Foi
em 1935 que saiu a primeira versão impressa das obras para teclado de José
António Carlos Seixas. Desta versão, o primeiro volume de “Cravistas
Portugueses”, generosamente custeada pela editora B. Schott’s Söhne, constavam
apenas doze das centenas de sonatas que o compositor teria criado durante os
seus parcos trinta e oito anos de vida e fazem hoje parte do espólio que
sobreviveu, quer ao tempo, quer (imagine-se!) ao incêndio que deflagrou no
Palácio da Ajuda de Lisboa aquando o terramoto de 1755. Longe de apresentarem o
arrojo do mestre de Coimbra, mas ainda assim um marco importante na percepção
estrangeira sobre a música portuguesa, esta dúzia de sonatas primou de atenção
de musicólogos e intérpretes internacionais. Estava lançada a primeira pedra na
reconstrução de um território há muito perdido nas estepes nacionais, o da
música do passado português.
A
Sonata nº 8 em Dó Maior faz parte desse território. Dotada de um espírito
pomposo mas nada provinciano (ou não adoptassem as várias sonatas de Carlos
Seixas um estilo declaradamente lusitano), esta sonata, junto com as restantes,
anunciou os primórdios da forma-sonata clássica. Com efeito, apesar de no seu
tempo terem sido chamadas “tocatas” por possuírem uma estrutura bipartida, o
facto é que nas sonatas para teclado de Carlos Sextas podemos ver o estado
embrionário da noção de “andamento”: as “tocatas”, para além da parte inicial e
da quase-sempre-dança final, apresentam uma ponte musical intermédia de carácter
contrastante, muitas vezes melodioso e introspectivo, prenúncio dos segundos
andamentos lentos e galantes da sonata clássica. Ainda que Carlos Seixas
denotasse uma forte resistência em adoptar estilos estrangeiros, não poderemos
negar as influências francesas e sobretudo italianas nas obras para teclas do
compositor, não fora então o seu convívio com Domenico Sclarlatti, ele próprio
preceptor de música da princesa Maria Bárbara de Bragança durante um curto
espaço de tempo, até à mudança da infanta portuguesa para Madrid por ocasião do
seu casamento com o príncipe herdeiro da coroa espanhola.
Contudo,
fora Portugal um país central e as obras do mestre de Coimbra teriam voado para
mais altas paragens! Não é no pássaro que está a capacidade para voar e sim nas
asas e José António Carlos Seixas (não confundamos capacidade com habilidade)

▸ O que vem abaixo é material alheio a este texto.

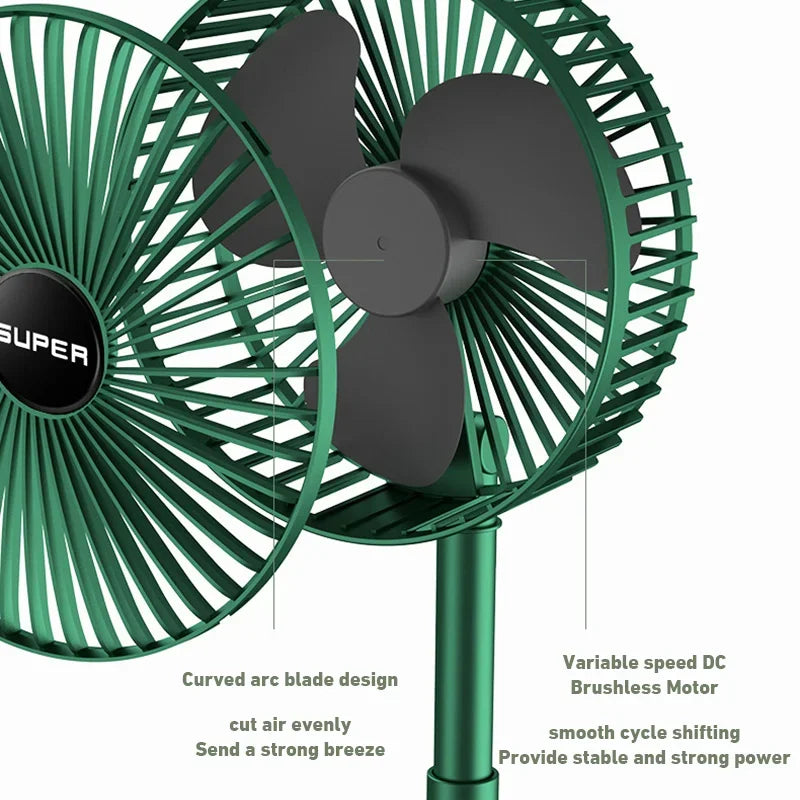 Home Folding Fan Cooling Handy Desk Low Noise Adjustable Hight USB Charging High Duration Standby Desktop Mini Electric Fan Peaceful Pleasures Health and Wellness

quedou-se pelos céus solarengos mas muito pouco abertos do território
português. Não se julgue portanto que tal se devesse a falta de talento ou
ainda de empreendimento, ou não fora Carlos Seixas o compositor da corte numa
época em que brotavam miniaturas não menos dignas do esplendor de Versalhes
levadas a cabo por D. João V, o Magnânimo. Magnânima poderia ter sido também a
sua vontade que, à semelhança do que sucederia nos séculos posteriores, o que
nasce em Portugal em Portugal está, neste “canteiro à beira mar plantado” de
difícil acesso (por diversas vezes Portugal pecou simplesmente devido à sua
posição geográfica, tão útil para “dar mundos novos ao mundo”, mas tão ingrata
para trazer o mundo para dentro!) e para o qual, se era difícil chegarem as
novidades artísticas do resto da Europa, também difícil era para um artista
português mostrar o seu rosto lá fora. As veias da criação morriam em Espanha,
o coração da Península e, se acaso derramassem uma gota que fosse para lá dos
montes de Pirene, tal se afigurava um acontecimento fortuito cujas repercussões
raramente voltavam à origem. Assim esteve a música de Carlos Seixas até ao
início do século XX, sufocada na própria terra em que deu flor e tendo como
único perfume o cheiro bafiento de colecções particulares e de arquivos por
muito tempo intocáveis. Lembremos o modesto lírio-do-vale que, pelas noites de
Maio, agracia a Natureza com o seu misterioso mas distinto perfume. Não poderemos
encontrar um lírio-do-vale vibrando jubiloso com as boninas durante os cálidos
dias de Primavera. A Beleza e a Criação são, elas própria, produtos das
existência das sombras em superfícies iluminadas. Luz descompassada torna o
mundo disforme. É a sombra dá a identidade. E, perguntemo-nos: até que ponto a
redescoberta e valorização do que há de mais sombrio e oculto no passado
português não será outro futuro mundo a dar ao mundo?